On stage with Daniel and Andrew were four entrepreneurs: Julie Deane (CEO and founder, The Cambridge Satchel Company), David Abrahamovitch (CEO and co-founder, Grind & Co), Pip Jamieson (Founder, The Dots) and Geoff Mulgan (CEO, Nesta).
What stood out for me? It was good to hear founders being honest about the importance of luck in their business journey. David told the story of how there was a Starbucks next door to Grind’s Old Street roundabout shop. One day the Starbucks closed for a month’s refurbishment. Grind doubled its customers. Even when Starbucks reopened, Grind retained those ex Starbucks customers. David admits he couldn’t have put that on a business plan.
Another discussion was around values. As more and more business become purpose-led, it’s useful to have a set of values that employees can buy into. Pip explained their values at The Dots help with hiring. “We stick to our values like glue,” she said. Andrew Tuck told us that when he was hiring the Monocle team ten years ago they would take on candidates based on whether they could sit next to them on a long haul flight.
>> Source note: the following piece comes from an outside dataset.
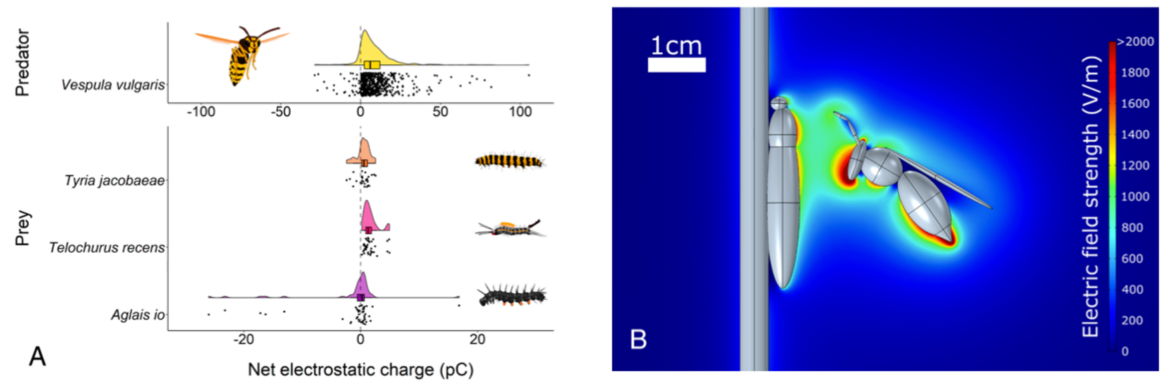 Electroréception dans les interactions proies prédateurs chez les insectes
That sounds a good test.
Below are some quotes I scribbled down in my notepad.
“The first idea isn’t always the best idea.”
“Make your idea really clear. Express the essence of what it’s all about.”
“It’s not always about originality and creative genius. It’s having the hunger to pull together ideas from other people.”
“Most business plans don’t survive their first contact with reality.”
“An initial investment of £600 took me to a £13m turnover.”
“I opened a factory, brought machines in from other countries and started apprenticeships. You see products that are ‘designed in Britain’, but made elsewhere - that’s really dishonest.”
“There is no cookie-cutter approach to being an entrepreneur. Everyone is different. I disagree with two thirds of what this panel said. Forget the ‘entrepreneur’ tag, just start your own business.”
“Sometimes you don’t want to go home with an app, you want to go home with an amazing bag.”
“You can’t stop and look over your shoulder. You’ve just got to get on with it. People will always want bags.”